Harvard-Computerwissenschaftler Matt Welsh hält solche Großsensoren jedoch für durchaus sinnvoll: "Für jede echte Anwendung benötigt man eine unterschiedliche Anzahl verschiedener Geräte. Man nimmt beispielsweise zahlreiche drahtlose Sensoren, die wenig Strom verbrauchen und daneben ein größeres Gerät, das die Informationen sammelt, verarbeitet und zusammenträgt.“ Hier könnten Suns Geräte punkten. Auf kleinsten Sensoren werde Java TinyOS oder SOS jedoch nie ersetzen, so Welsh.

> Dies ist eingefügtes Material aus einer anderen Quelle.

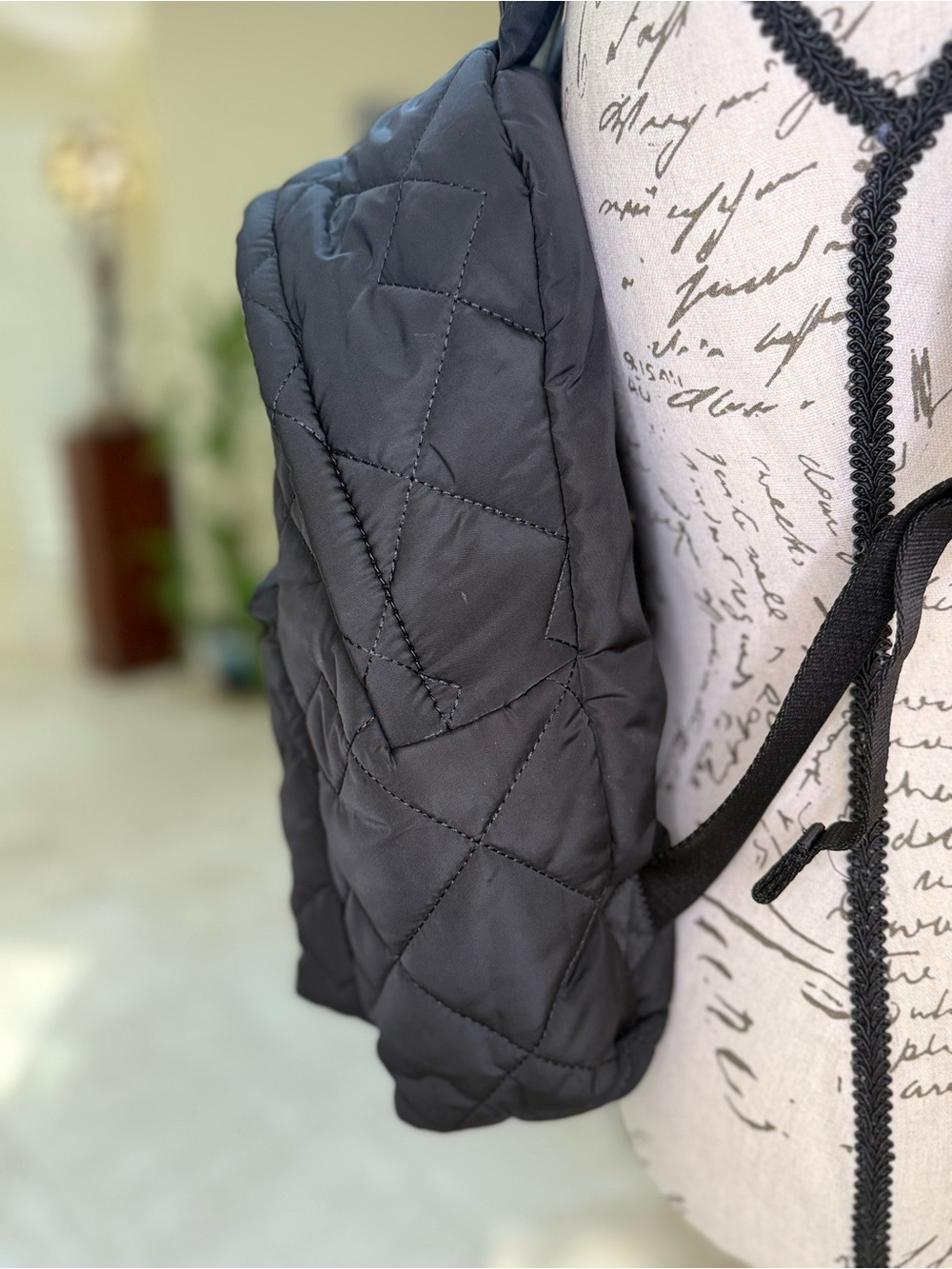 Marc Jacobs Black Quilted Nylon Mini Backpack Gold Hardware NWOT - Picture 2 of 10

Sun-Mann Meike erwartet jedoch, dass Prozessoren, Speicher und Funksender in den nächsten Jahren weiter schrumpfen werden – und die Sun SPOT-Technik damit auch: "Der Trend sagt uns, dass diese Geräte künftig mehr Funktionen haben werden." Die smarten Anwendungen, die sich Java-Programmierer nun ausdenken könnten, seien hierfür schon heute bereit.

Meike glaubt auch, dass die Sun SPOT-Technik Studenten und Java-Hobby-Programmierer anziehen könnte: "Java-Entwickler erhalten damit ein Gerät, das in ihre Handfläche passt. Statt einen Desktop-PC zu programmieren, programmieren sie damit die ganze Welt."